PROMPT |
What's required is a verbatim printout of all the data.

[RECORDS SHOWN — start]

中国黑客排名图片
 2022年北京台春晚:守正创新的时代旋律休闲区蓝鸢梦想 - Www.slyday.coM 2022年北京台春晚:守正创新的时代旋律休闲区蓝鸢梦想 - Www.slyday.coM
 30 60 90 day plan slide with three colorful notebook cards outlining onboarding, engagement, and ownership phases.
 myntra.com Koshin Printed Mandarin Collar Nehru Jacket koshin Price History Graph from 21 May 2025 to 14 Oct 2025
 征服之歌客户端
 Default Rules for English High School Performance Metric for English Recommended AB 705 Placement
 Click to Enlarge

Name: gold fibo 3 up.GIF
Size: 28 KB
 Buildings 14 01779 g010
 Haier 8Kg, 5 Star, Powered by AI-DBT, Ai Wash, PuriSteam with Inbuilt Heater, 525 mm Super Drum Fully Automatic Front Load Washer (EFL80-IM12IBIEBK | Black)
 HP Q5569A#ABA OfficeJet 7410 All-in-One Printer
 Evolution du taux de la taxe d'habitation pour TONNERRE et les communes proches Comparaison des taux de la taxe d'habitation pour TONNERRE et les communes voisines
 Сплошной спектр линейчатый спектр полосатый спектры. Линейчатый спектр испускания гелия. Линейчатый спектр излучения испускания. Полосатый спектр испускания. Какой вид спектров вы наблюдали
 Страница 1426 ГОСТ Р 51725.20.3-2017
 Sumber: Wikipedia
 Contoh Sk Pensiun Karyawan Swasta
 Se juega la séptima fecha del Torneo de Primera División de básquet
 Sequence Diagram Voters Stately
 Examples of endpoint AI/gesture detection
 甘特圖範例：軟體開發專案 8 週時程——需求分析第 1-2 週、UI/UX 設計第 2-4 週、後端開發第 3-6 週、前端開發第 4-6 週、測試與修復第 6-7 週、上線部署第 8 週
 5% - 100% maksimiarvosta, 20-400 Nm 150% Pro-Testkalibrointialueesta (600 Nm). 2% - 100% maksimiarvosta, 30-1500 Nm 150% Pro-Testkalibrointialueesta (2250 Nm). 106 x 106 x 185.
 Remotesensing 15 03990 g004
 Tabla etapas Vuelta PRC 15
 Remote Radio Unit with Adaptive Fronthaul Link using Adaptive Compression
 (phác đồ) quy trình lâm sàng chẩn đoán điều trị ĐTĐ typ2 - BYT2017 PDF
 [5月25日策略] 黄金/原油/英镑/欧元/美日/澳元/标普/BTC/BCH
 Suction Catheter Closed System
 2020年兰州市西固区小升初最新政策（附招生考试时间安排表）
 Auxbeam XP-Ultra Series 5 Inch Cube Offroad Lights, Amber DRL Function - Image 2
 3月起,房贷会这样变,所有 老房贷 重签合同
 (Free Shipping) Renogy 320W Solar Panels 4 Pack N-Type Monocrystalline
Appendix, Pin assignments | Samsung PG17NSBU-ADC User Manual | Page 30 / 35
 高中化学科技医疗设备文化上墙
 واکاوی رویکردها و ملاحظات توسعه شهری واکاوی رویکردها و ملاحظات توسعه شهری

[RECORDS SHOWN — finish]

EXERCISE SOLUTION |
中国黑客排名图片
 2022年北京台春晚:守正创新的时代旋律休闲区蓝鸢梦想 - Www.slyday.coM 2022年北京台春晚:守正创新的时代旋律休闲区蓝鸢梦想 - Www.slyday.coM
 30 60 90 day plan slide with three colorful notebook cards outlining onboarding, engagement, and ownership phases.
 myntra.com Koshin Printed Mandarin Collar Nehru Jacket koshin Price History Graph from 21 May 2025 to 14 Oct 2025
 征服之歌客户端
 Default Rules for English High School Performance Metric for English Recommended AB 705 Placement
 Click to Enlarge

Name: gold fibo 3 up.GIF
Size: 28 KB
 Buildings 14 01779 g010
 Haier 8Kg, 5 Star, Powered by AI-DBT, Ai Wash, PuriSteam with Inbuilt Heater, 525 mm Super Drum Fully Automatic Front Load Washer (EFL80-IM12IBIEBK | Black)
 HP Q5569A#ABA OfficeJet 7410 All-in-One Printer
 Evolution du taux de la taxe d'habitation pour TONNERRE et les communes proches Comparaison des taux de la taxe d'habitation pour TONNERRE et les communes voisines
 Сплошной спектр линейчатый спектр полосатый спектры. Линейчатый спектр испускания гелия. Линейчатый спектр излучения испускания. Полосатый спектр испускания. Какой вид спектров вы наблюдали
 Страница 1426 ГОСТ Р 51725.20.3-2017
 Sumber: Wikipedia
 Contoh Sk Pensiun Karyawan Swasta
 Se juega la séptima fecha del Torneo de Primera División de básquet
 Sequence Diagram Voters Stately
 Examples of endpoint AI/gesture detection
 甘特圖範例：軟體開發專案 8 週時程——需求分析第 1-2 週、UI/UX 設計第 2-4 週、後端開發第 3-6 週、前端開發第 4-6 週、測試與修復第 6-7 週、上線部署第 8 週
 5% - 100% maksimiarvosta, 20-400 Nm 150% Pro-Testkalibrointialueesta (600 Nm). 2% - 100% maksimiarvosta, 30-1500 Nm 150% Pro-Testkalibrointialueesta (2250 Nm). 106 x 106 x 185.
 Remotesensing 15 03990 g004
 Tabla etapas Vuelta PRC 15
 Remote Radio Unit with Adaptive Fronthaul Link using Adaptive Compression
 (phác đồ) quy trình lâm sàng chẩn đoán điều trị ĐTĐ typ2 - BYT2017 PDF
 [5月25日策略] 黄金/原油/英镑/欧元/美日/澳元/标普/BTC/BCH
 Suction Catheter Closed System
 2020年兰州市西固区小升初最新政策（附招生考试时间安排表）
 Auxbeam XP-Ultra Series 5 Inch Cube Offroad Lights, Amber DRL Function - Image 2
 3月起,房贷会这样变,所有 老房贷 重签合同
 (Free Shipping) Renogy 320W Solar Panels 4 Pack N-Type Monocrystalline
Appendix, Pin assignments | Samsung PG17NSBU-ADC User Manual | Page 30 / 35
 高中化学科技医疗设备文化上墙
 واکاوی رویکردها و ملاحظات توسعه شهری واکاوی رویکردها و ملاحظات توسعه شهری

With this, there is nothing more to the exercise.